[[ Given material open ]]

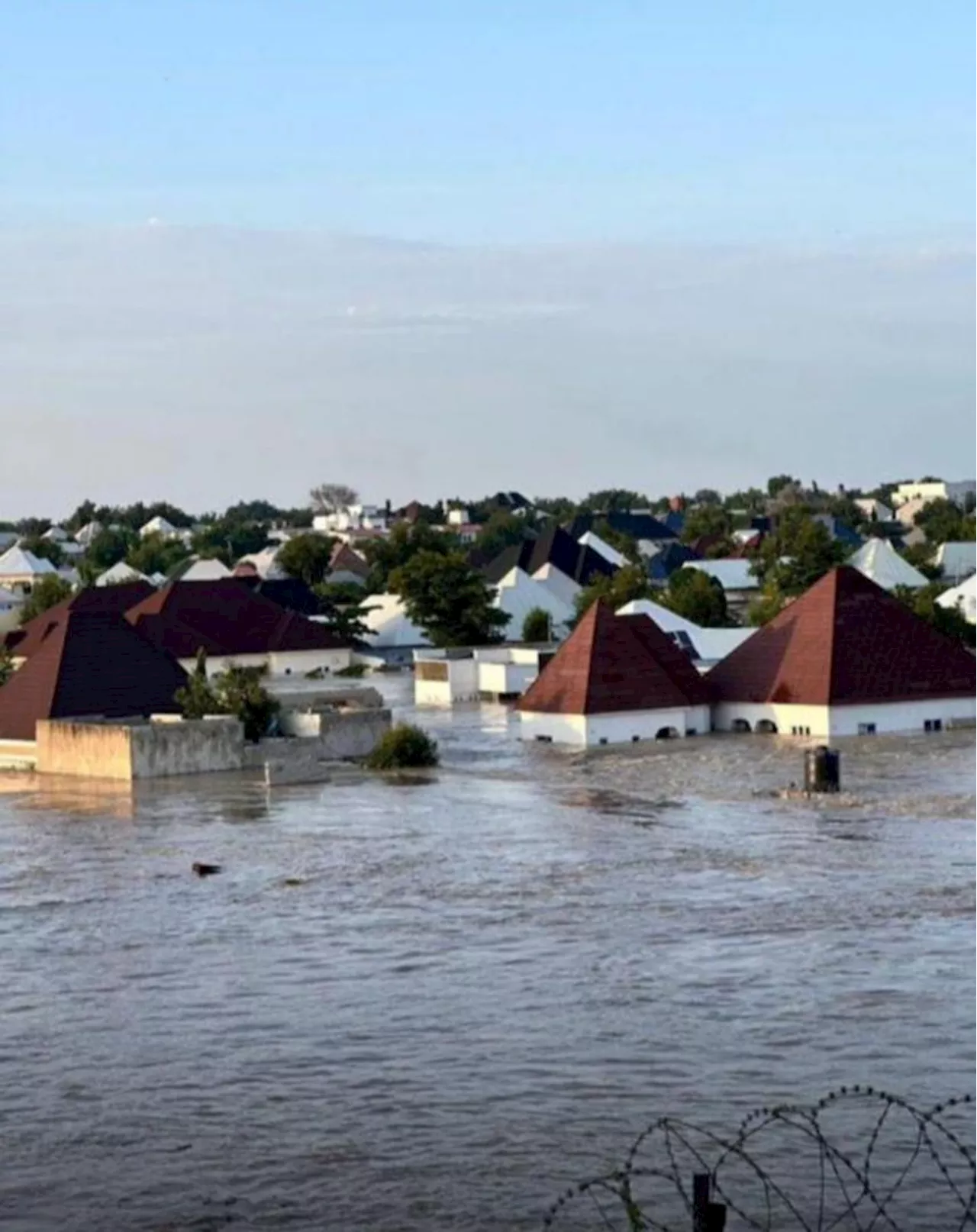 Thousands flee their homes as flood submerges parts of Maiduguri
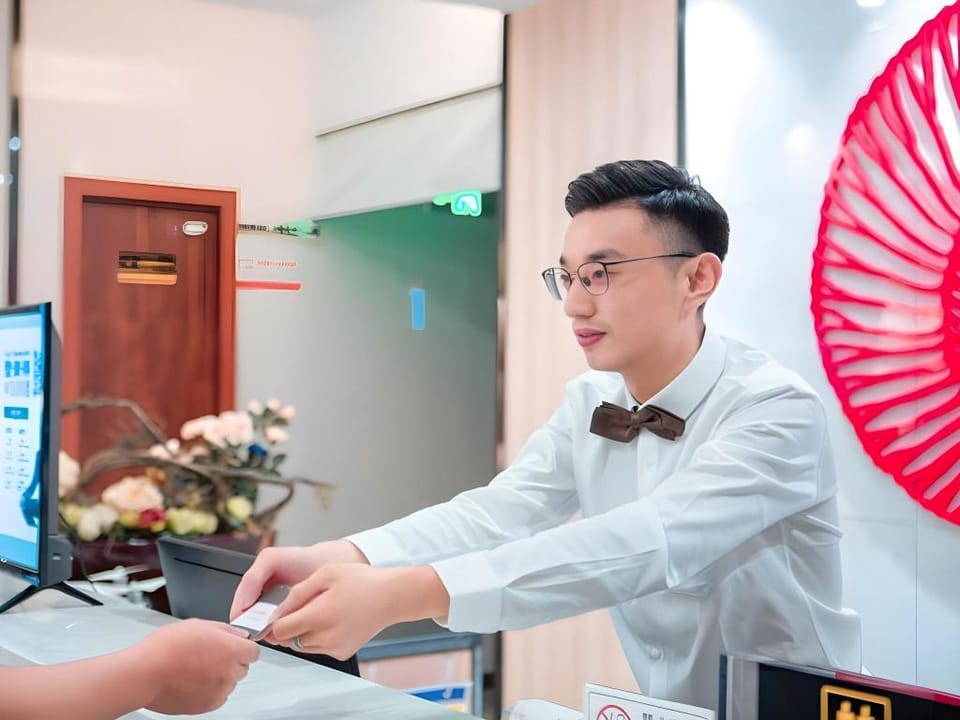 Shell Hotel Suzhou Changshu Guliu Zhonghong Square Hotel in Suzhou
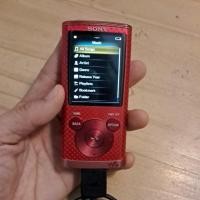 ราคา เครื่องเล่น MP3 Sony Walkman ใช้งานได้ปกติ แบตเสื่อม ขายพร้อมสายชาร์จ (46403081205)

[[ Given material closed ]]

§ Prompt
Give back the full listing exactly as written, only without its pictures.

§ Task result
 Thousands flee their homes as flood submerges parts of Maiduguri
 Shell Hotel Suzhou Changshu Guliu Zhonghong Square Hotel in Suzhou
 ราคา เครื่องเล่น MP3 Sony Walkman ใช้งานได้ปกติ แบตเสื่อม ขายพร้อมสายชาร์จ (46403081205)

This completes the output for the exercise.